Outra evidência dessa essa responsabilidade dos países ricos é o fato de que eles se beneficiaram do crescimento intensivo de carbono que foi possibilitado pelas relações coloniais através da extração significativa de recursos, exploração de mão de obra e regras comerciais que favorecem as antigas nações colonizadoras (Oxfam, 2023).
Essas relações dependentes e extrativistas existem ainda hoje entre Norte e Sul Global e são a base de funcionamento do mercado capitalista internacional (ARAOZ, 2021; BAMBIRRA, 2013; MENDEL, 1970). Basta pensar na dependência econômica brasileira sobre a extração e exportação de petróleo ou commodities como a soja.
A OXFAM também chama a atenção para o fato de que os cenários atuais de mitigação das mudanças do clima do IPCC não levam em conta a responsabilidade histórica dos países e as necessidades do Sul Global para atingir as metas de desenvolvimento: "As disparidades nas emissões entre os países, tanto atuais quanto históricas, exigem responsabilidade diferenciada para mitigar os efeitos das mudanças climáticas. Os países ricos ricos devem reduzir as emissões primeiro, e rapidamente" (Oxfam, 2023). Para a Oxfam, os cenários do IPCC "tendem a depender da remoção de carbono com base na terra, principalmente em terras no Sul Global, o que aumenta a competição por terras agrícolas e coloca em risco a segurança alimentar, a biodiversidade e os direitos à terra dos povos indígenas, aumentando a desigualdade fundiária e a falta de terra".

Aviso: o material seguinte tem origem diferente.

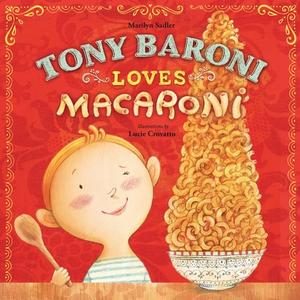 Tony Baroni Loves Macaroni di Marilyn Sadler edito da Blue Apple Books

A desigualdade não corre apenas entre países ricos e pobres, mas também internamente nos países ricos, já que apenas 1% da população (os chamados super-ricos) são responsáveis por grande parte das emissões de carbono. Nesse sentido, a OXFAM ressalta algumas descobertas:
1) Em 2019, o 1% dos super-ricos foi responsável por 16% das emissões globais de carbono, que é o mesmo que as emissões dos 66% mais pobres da humanidade (5 bilhões de pessoas).
2) Desde a década de 1990, o 1% mais rico queimou mais do que o dobro de carbono do que a metade inferior da humanidade.

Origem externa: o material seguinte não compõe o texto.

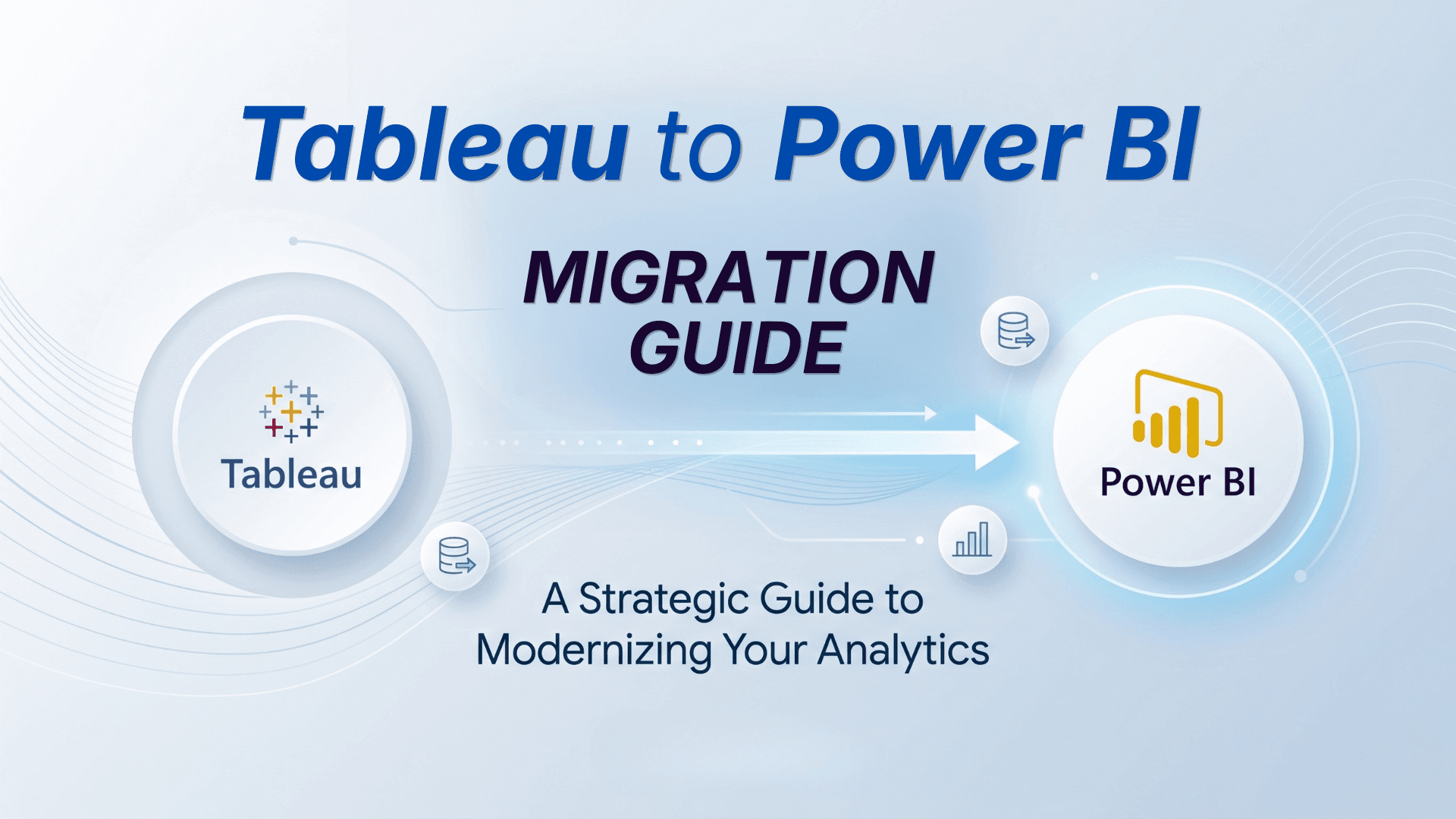 Tableau to Power BI Migration Guide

3) As emissões globais anuais do 1% super-rico em 2019 anulam a economia de carbono de quase um milhão de turbinas eólicas em terra.

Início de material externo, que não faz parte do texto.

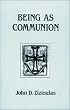 Being as Communion: Studies in Personhood and the Church (Contemporary Greek theologians series)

4) As emissões do 1% super-rico em 2019 são suficientes para causar 1,3 milhão de mortes em excesso devido ao calor.
5) Um imposto de 60% sobre a renda do 1% dos super-ricos em todo o mundo reduziria o equivalente em carbono a mais do que o total de emissões do Reino Unido e arrecadaria US$ 6,4 trilhões para financiar a energia renovável e a transição para longe dos combustíveis fósseis.
QUEM SÃO OS RICOS, OS SUPER-RICOS E OS ULTRA-RICOS?
Os 10% da população mundial responsável por metade das emissões de carbono compreendem:
Ricos: cerca de 770 mil pessoas que recebem uma renda média de 90 mil dólares per capita e são responsáveis por 49,8% das emissões. Mais de 60% dos 10% mais ricos são de países de alta renda.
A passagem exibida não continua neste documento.